September 13, 1936September 23, 2021

Joy Stewart, 85, died in her Denver home on September 23, 2021 of a rare and incurable cancer. She was in the company of loving friends and family who read her favorite poems to her in the last hours.

Joy grew up in the small Texas town of San Saba. Her father worked very hard to support the family, and there were many times when they were “down to our last quarter”. She attended San Saba High School, where her writing career began as editor of the “The Hardshell Press” reflective of the school’s mascot, the armadillo. As was her nature, she was involved in many activities including Student Council, Spanish Club, National Honor Society, served as the scorekeeper for the girls’ basketball team and was voted Best All Around Girl. It was said she was “the smartest person who ever graduated from San Saba High School” but almost did not graduate because she could not pass the typing test. Her friends called her “Braveheart” as she was fearless. Once they were convinced there was a monster at a slumber party so Joy took a coke bottle outside to take care of it. She made many friends during her childhood and maintained strong relationships with them throughout life. The “Dirty Dozen” as they called themselves were a dear group, who have maintained their friendships for close to 70 years.

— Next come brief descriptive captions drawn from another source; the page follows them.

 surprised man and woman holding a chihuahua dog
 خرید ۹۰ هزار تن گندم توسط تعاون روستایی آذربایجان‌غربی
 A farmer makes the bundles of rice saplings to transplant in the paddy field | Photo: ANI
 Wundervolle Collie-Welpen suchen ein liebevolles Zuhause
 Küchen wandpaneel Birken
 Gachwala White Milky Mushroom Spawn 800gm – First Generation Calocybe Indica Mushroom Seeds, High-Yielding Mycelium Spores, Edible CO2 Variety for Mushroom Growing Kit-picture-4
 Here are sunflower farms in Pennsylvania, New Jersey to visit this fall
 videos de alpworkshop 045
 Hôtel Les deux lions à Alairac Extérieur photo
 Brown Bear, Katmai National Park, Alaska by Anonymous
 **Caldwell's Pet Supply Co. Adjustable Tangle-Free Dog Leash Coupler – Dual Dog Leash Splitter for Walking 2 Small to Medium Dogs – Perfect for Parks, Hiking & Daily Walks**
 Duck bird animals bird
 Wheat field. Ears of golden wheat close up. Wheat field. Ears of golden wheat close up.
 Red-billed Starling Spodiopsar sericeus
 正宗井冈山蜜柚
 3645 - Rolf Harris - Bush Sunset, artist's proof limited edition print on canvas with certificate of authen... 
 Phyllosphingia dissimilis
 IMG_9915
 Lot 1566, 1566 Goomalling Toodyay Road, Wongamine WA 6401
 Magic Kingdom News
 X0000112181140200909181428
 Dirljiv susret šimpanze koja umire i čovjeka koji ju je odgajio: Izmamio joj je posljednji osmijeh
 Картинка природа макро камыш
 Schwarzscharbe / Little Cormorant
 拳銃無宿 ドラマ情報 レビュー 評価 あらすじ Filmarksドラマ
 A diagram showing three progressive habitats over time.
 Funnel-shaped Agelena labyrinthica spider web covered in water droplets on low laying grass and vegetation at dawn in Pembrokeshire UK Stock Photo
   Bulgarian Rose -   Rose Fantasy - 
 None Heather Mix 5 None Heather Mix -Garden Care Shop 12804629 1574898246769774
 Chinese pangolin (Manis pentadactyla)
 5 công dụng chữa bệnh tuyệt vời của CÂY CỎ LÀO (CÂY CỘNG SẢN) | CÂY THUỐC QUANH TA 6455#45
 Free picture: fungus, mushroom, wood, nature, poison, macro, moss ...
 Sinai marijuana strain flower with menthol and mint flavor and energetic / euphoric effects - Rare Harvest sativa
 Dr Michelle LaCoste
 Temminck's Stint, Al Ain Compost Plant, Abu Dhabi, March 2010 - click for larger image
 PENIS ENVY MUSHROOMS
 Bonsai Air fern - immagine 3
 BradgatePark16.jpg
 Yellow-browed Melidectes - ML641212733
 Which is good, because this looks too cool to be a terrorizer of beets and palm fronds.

She left San Saba and attended UT Austin for college, where she earned her B.A. with Honors in English in 1958. The only time she struggled in school was in college chemistry class, which was in part, because the only science class she had in high school was taught by the PE coach and only involved tracing pictures of animals out of a book. Her college roommate was the chemistry professor’s assistant and had a copy of the final exam for the class in their dorm room. Joy knew it was there, knew she was failing the class, but never thought about peeking at the final. She was the most honest person you could ever meet. She did end up passing that class by the way.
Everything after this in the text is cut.